# Part 1: Data Processing

## Task 1: Preprocessing 'news_sample.csv'

In [None]:
import pandas as pd
import lib.process_a as process_a
import lib.process_c as process_c

# load 'news_sample.csv' file from git source
df_sample = pd.read_csv('https://raw.githubusercontent.com/several27/FakeNewsCorpus/master/news_sample.csv')

# Apply preprocess to dataframe: cleanup -> remove stopword -> stemming
# process_a.preprocess(df_sample)
process_c.preprocess(df_sample)

# save csv file copy of preprocessed dataframe
df_sample.to_csv("data/news_sample_cleaned.csv")

# pd.reset_option('display.max_rows')
# pd.set_option('display.max_colwidth', 150)


### Vocabulary sizes and reduction rates

The vocabulary sizes and reduction rates are computed in the preprocess method c.
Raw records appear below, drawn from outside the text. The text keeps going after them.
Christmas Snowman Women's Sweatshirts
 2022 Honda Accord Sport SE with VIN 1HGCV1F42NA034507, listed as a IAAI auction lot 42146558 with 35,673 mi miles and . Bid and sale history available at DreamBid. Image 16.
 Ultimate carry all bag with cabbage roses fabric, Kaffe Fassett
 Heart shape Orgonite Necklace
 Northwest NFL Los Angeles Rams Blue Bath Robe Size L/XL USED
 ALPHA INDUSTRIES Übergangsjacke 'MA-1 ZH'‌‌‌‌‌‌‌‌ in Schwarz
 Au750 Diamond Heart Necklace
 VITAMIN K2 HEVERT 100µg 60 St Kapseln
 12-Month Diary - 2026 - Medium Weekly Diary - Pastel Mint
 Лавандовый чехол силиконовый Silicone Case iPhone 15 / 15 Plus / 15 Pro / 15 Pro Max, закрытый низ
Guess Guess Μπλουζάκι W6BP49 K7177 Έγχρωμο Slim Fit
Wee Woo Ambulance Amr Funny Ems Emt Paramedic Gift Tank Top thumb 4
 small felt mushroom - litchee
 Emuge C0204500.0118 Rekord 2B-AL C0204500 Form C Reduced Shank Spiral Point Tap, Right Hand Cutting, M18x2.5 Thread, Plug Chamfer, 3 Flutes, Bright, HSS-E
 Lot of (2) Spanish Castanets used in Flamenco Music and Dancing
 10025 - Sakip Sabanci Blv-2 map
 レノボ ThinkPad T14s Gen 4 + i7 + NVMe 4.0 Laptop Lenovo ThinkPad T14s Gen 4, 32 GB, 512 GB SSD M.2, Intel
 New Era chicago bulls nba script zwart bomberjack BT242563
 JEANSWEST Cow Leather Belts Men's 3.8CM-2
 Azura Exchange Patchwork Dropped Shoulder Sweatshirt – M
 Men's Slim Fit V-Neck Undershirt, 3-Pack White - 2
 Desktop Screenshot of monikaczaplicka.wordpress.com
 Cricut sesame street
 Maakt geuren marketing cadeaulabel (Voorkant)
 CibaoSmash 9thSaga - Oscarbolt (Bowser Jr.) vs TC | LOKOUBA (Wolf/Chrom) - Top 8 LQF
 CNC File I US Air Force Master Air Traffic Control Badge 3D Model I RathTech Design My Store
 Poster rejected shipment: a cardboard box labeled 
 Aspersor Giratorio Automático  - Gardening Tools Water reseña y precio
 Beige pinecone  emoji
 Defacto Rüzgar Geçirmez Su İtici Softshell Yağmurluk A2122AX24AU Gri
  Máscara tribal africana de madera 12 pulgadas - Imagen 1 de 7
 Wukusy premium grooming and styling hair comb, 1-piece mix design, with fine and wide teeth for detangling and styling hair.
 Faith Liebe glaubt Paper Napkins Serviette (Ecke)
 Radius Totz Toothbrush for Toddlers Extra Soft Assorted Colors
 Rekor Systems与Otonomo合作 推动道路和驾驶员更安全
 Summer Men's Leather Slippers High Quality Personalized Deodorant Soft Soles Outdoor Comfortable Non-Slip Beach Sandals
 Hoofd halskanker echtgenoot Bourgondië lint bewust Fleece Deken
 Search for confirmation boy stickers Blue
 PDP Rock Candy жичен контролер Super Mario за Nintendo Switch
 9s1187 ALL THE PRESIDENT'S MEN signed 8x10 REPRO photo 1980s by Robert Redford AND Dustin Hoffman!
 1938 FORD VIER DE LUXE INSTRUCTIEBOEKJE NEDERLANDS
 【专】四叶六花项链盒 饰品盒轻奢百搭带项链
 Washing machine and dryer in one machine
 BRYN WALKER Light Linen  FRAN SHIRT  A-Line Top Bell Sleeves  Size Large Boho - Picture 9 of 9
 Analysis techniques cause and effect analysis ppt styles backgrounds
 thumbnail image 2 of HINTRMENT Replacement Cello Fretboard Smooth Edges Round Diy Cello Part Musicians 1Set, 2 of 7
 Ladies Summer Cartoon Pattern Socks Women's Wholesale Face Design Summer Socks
The results are stored directly to the input dataframe.

## Task 2:

### Make at least three non-trivial observations/discoveries about the data

In [None]:
import pandas as pd

# Load the dataset
df_new = pd.read_csv('data/995,000_rows.csv')
# df_new = pd.read_csv('data/news_sample.csv')


Observations of domains

In [None]:
import lib.process_a as process_a
# print("Basic Statistics of the Dataset:")
# print(df_new.info())

# Filter the DataFrame for 'reliable' and 'fake' types
reliable_domains = set(df_new[df_new['type'] == 'reliable']['domain'].unique())
fake_domains = set(df_new[df_new['type'] == 'fake']['domain'].unique())

# Domains in 'reliable' but not in 'fake'
reliable_not_fake_domains = reliable_domains - fake_domains

# Domains in 'fake' but not in 'reliable'
fake_not_reliable_domains = fake_domains - reliable_domains

# Find the intersection of unique domains
common_domains = fake_domains.intersection(reliable_domains)

print("Domains in 'reliable' but not in 'fake':")
print(reliable_not_fake_domains)

print("\nDomains in 'fake' but not in 'reliable':")
print(fake_not_reliable_domains)

print("\nDomains in both 'fake' and 'reliable':")
print(common_domains)

Clean text

In [None]:
import lib.process_methods as pm
import swifter

# Drop rows where either 'type' or 'content' is NaN
df_new.dropna(subset=['type', 'content'], inplace=True)

# Apply clean_text function
df_new['content_clean'] = df_new['content'].swifter.apply(pm.clean_text)

Function to count URLs with <URL> tag

In [None]:
import re

# Function to count URLs with <URL> tag
def count_urls_with_tag(text):
    urls_with_tag = re.findall('_url_', text)
    return len(urls_with_tag)

# Apply count URLs with <URL> tag
df_new['url_count'] = df_new['content_clean'].apply(count_urls_with_tag)

# print(df[['content_clean', 'url_count_with_tag']])

# Total URLs in Content
total_urls = df_new['url_count'].sum()
print("Total URLs in Content:", total_urls)

# Filter DataFrame for articles labeled as 'fake'
fake_articles = df_new[df_new['type'] == 'fake']

# add more type
#fake_articles = df_new[(df_new['type'] == 'fake') | (df_new['type'] == '')]

# Total URLs in 'fake' content
total_fake_urls = fake_articles['url_count'].sum()
print("Total URLs in 'fake' content:", total_fake_urls)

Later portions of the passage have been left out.